Following Elisabeth’s lead, we scrounge for stones and balance them on top of each other. Small wonder that more and more team-building experts lead their groups into the mountains these days. After all, there is no shortage of valuable lessons to be learned here high above it all. Satisfied with our cairn, we continue on the steeply ascending trail from the Stongerhöhealpe mountain hut to the Stongerhöhe ridge. Weaving between the many sheep and cows that graze here, we make our way to the highlight of the hike: the Hasenstrick ridgeline. As a light fog wells up from below, the rocks of the Hasenstrick become a bit slick. Passing through the turnstile, our mood changes abruptly from exuberance to full concentration.

“Careful girls, the trail ahead is slick,” I call out to my friends in warning. One foot in front of the other, we cross the narrowest part of the ridge, stopping only to admire the natural spectacle playing out before our eyes: The humid breeze of the rising fog dampens our clothes and droplets of water form on our ponytails. With the greatest of care, I descend the backbone of the Hasenstrick. With my left hand, I hold on tightly to the rope, but my gaze remains laser focused on the meter-wide ridgeline before me. To this point I have focused solely on my own progress, but at the midpoint I turn to check on my friends: all have completed the first stage. The foggy atmosphere on the ridge, the adrenaline rush of navigating the slippery rocks and the companionship of our band of sisters have made for an unforgettable hike. With the second stage safely behind us, the tension lessens, relief sets in and we allow ourselves to enjoy the moment. Falling in lock-step with one another we ascend to the summit as a team. At the top, a wave of euphoria sweeps through the group. Entering our names into the summit register is cause for celebration. Pen and paper in hand, I am further reminded of our teenage days at school together. This experience deserves full marks.

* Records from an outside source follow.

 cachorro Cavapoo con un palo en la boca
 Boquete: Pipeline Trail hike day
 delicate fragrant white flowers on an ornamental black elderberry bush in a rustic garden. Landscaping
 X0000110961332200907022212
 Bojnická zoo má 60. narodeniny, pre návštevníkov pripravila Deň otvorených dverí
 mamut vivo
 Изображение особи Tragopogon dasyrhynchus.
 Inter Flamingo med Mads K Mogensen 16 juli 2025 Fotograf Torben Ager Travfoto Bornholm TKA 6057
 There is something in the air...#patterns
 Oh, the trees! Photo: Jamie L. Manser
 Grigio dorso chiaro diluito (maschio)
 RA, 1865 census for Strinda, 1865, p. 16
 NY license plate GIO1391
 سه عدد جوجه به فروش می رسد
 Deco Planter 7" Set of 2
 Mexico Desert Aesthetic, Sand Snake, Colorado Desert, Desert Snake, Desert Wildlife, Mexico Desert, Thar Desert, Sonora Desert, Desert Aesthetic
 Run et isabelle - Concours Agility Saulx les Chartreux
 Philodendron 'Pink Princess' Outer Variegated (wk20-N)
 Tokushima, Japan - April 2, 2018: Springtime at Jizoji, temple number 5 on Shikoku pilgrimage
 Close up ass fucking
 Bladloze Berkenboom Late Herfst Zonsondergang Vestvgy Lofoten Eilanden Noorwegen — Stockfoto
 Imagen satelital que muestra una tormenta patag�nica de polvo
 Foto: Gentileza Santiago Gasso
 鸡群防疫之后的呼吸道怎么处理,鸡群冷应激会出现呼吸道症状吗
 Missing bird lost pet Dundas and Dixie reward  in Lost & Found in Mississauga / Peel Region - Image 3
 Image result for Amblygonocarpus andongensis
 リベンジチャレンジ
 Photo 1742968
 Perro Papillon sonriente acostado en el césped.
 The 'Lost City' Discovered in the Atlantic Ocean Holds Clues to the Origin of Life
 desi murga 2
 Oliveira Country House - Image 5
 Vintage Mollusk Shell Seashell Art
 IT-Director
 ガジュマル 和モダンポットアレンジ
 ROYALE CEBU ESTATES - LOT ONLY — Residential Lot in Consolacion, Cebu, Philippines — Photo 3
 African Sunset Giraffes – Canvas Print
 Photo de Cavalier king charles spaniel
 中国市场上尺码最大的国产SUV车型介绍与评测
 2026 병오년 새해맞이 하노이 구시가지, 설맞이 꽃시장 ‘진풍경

Tastes have changed since we last hiked together: Instead of gummy worms and chips, we’ve got apples and nuts. In lieu of lemonade, we’ve packed a flask of schnapps to celebrate at the summit. As we descend in triumph, the group disperses and conversations are enjoyed in pairs. Again and again, one member of the group falls behind, perhaps lost in thought? Hiking with friends means that you’re always bound to have a pleasant conversation. In different constellations, there is space for personal reflection or the search for tranquillity in the mountains. Hiking together has an added advantage: the stillness is broken by breathing and the rustling and there are no uncomfortable silences. This keeps us in the moment at all times, which is good because the path ahead requires concentration. Our attention is focused on what is in front of and inside us: sensory impressions, feelings and thoughts. The mountains, which trigger a deep sense of belonging in all of us, the silence of nature, our rhythmic steps and the physical sensation of walking quickly make conversations both personal and thought-provoking. There’s no café in the world would where we would be able to speak so openly about the present and our futures.

In the evening, we huddle together around the fire near the cable car middle station: Dusk settles and the embers of the fire become hot enough to cook our veggie sausages. In anticipation of the meal, hungry from our efforts, we reflect on our day together. Cathrin in particular found that making a fire was a worthy finishing touch to a wonderful day. Making a fire was also teamwork: some were responsible for collecting wood and lighting the fire, others searched for hazelnut skewers for the sausages. Sitting together, we sing songs from our school days and are pleasantly exhausted. This morning, I could feel the distance between us that had grown over the years. Now, at the end of this hiking day together, we are as close to each as we have been since we were young. For years, we have only seen each other sporadically, but this evening together feels as if time had stopped: Yesterday was just 10 years ago.